Marshall looks like a snail out there: he is sloooooowwwwwww.


----------



## Benedict_Boozer (Jul 16, 2004)

Great McGrady woke up. Rockets on fire from deep


----------



## Pioneer10 (Sep 30, 2004)

Newble and Marshall are not a good combo out there. Both of those guy have had wide open 3 point looks and bricked it. Marshall is not helping on the glass either: guards are beating him to balls he is closest too.


----------



## Larry Hughes for Retirement (Jul 5, 2004)

Well thats not a good start... hopefully we can stand their punches right now and still be standing well enough to deliver ours.


----------



## Benedict_Boozer (Jul 16, 2004)

Man we just can't get any rebounds without Gooden & AV


----------



## Brandname (May 24, 2006)

What a flop by Scola. I can't believe they gave him that.


----------



## Brandname (May 24, 2006)

Come on guys, you HAVE to hit those open shots. Goddamn.


----------



## Brandname (May 24, 2006)

This is a really irritating game.


----------



## Brandname (May 24, 2006)

ugh


----------



## Brandname (May 24, 2006)

How do we let that happen? That was the easiest play any team could make. You can't leave someone open in the lane like that. wow


----------



## Brandname (May 24, 2006)

The effort isn't there tonight. If you're shorthanded and you don't come with effort, you're basically just giving up on the game. I'm very disappointed with our guys so far.


----------



## Benedict_Boozer (Jul 16, 2004)

We have no chance in this game.

We can't control the boards and that is basically our game. Without that we got nothing


----------



## Brandname (May 24, 2006)

We are getting DESTROYED on the glass tonight. Absolutely obliterated.


----------



## Benedict_Boozer (Jul 16, 2004)

Lebron's body language is terrible on defense.

He needs to step it up


----------



## Brandname (May 24, 2006)

Benedict_Boozer said:


> Lebron's body language is terrible on defense.
> 
> He needs to step it up


Everyone's is in this game. It's really pathetic. How could we be so unmotivated for a game? I just don't get it. Do we give up because Drew's not playing? really?


----------



## Brandname (May 24, 2006)

oh crap, Lebron is sitting.


----------



## Brandname (May 24, 2006)

terrible foul


----------



## Benedict_Boozer (Jul 16, 2004)

Stupid foul by Hughes

Dumb time to take Lebron out in the middle of a run :azdaja:


----------



## OneBadLT123 (Oct 4, 2005)

I have a feeling Bron is going to torch us when he comes back in.


----------



## futuristxen (Jun 26, 2003)

We miss having a PF.


----------



## OneBadLT123 (Oct 4, 2005)

Boobie going out... Not a good sign


----------



## Brandname (May 24, 2006)

Lebron shooting 55%, rest of team shooting 34.8%.
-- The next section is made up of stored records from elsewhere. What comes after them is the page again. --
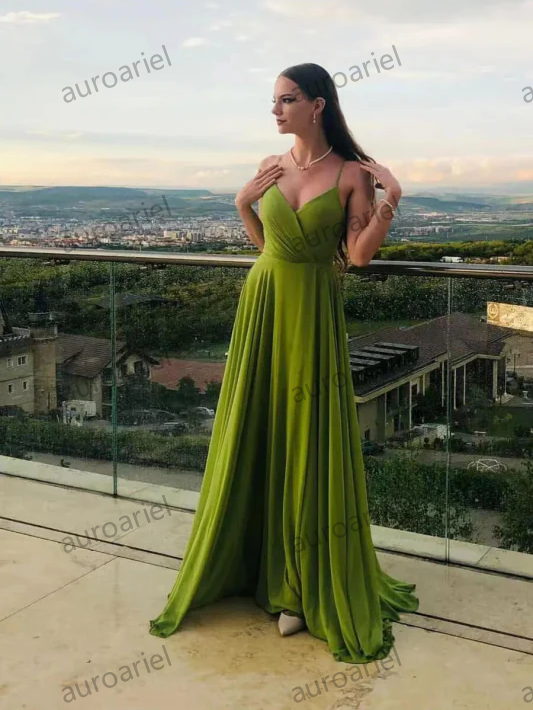 Sleeveless Spaghetti-Strap Long Chiffon A-Line Prom Dress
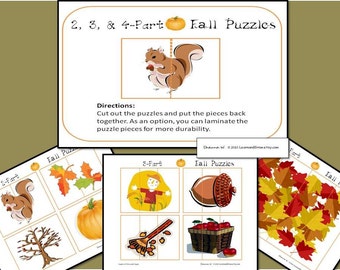 Puzzles d’automne imprimables pour les enfants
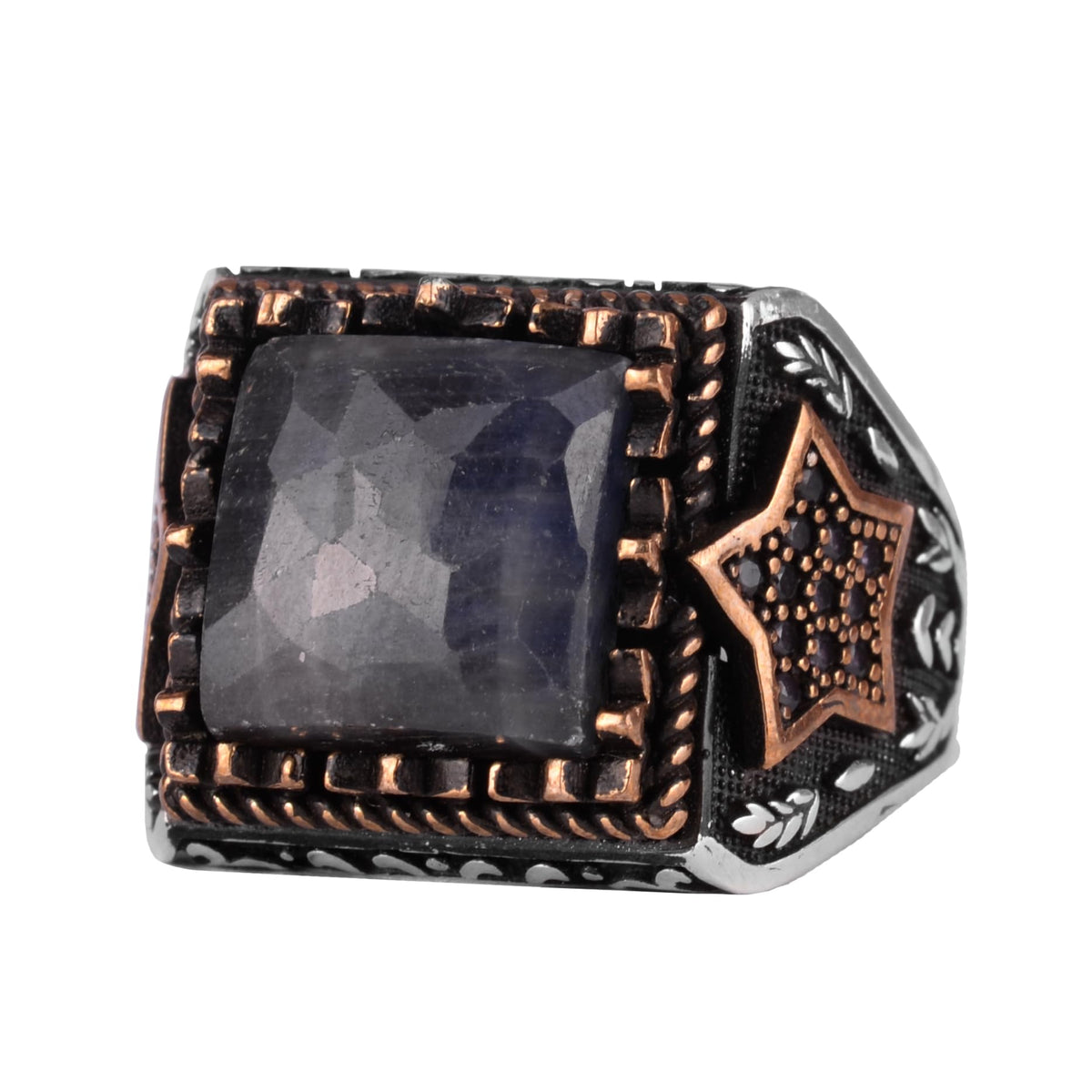 KAMBO Natural Stone Men's Ring – Star Motif Designed 925 Sterling Silver Square Cut Ring (Blue Sapphire)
Oh and awesome, Gibson is hurt.


----------



## Benedict_Boozer (Jul 16, 2004)

OMG now Boobie is hurt


----------



## OneBadLT123 (Oct 4, 2005)

And the regular 4th quarter collapse is underway...


----------



## Brandname (May 24, 2006)

How desperate are people to take charges on Lebron? It seems like so many players' main defense against him is falling down. Not cool.


----------



## Brandname (May 24, 2006)

oh come ON. That was terrible defense.


----------



## Brandname (May 24, 2006)

Hughes should not be camping at the 3 point line. son of a *****.


----------



## Benedict_Boozer (Jul 16, 2004)

Lebron settling for that fadeaway killed our run

That could be the game


----------



## OneBadLT123 (Oct 4, 2005)

Brandname said:


> How desperate are people to take charges on Lebron? It seems like so many players' main defense against him is falling down. Not cool.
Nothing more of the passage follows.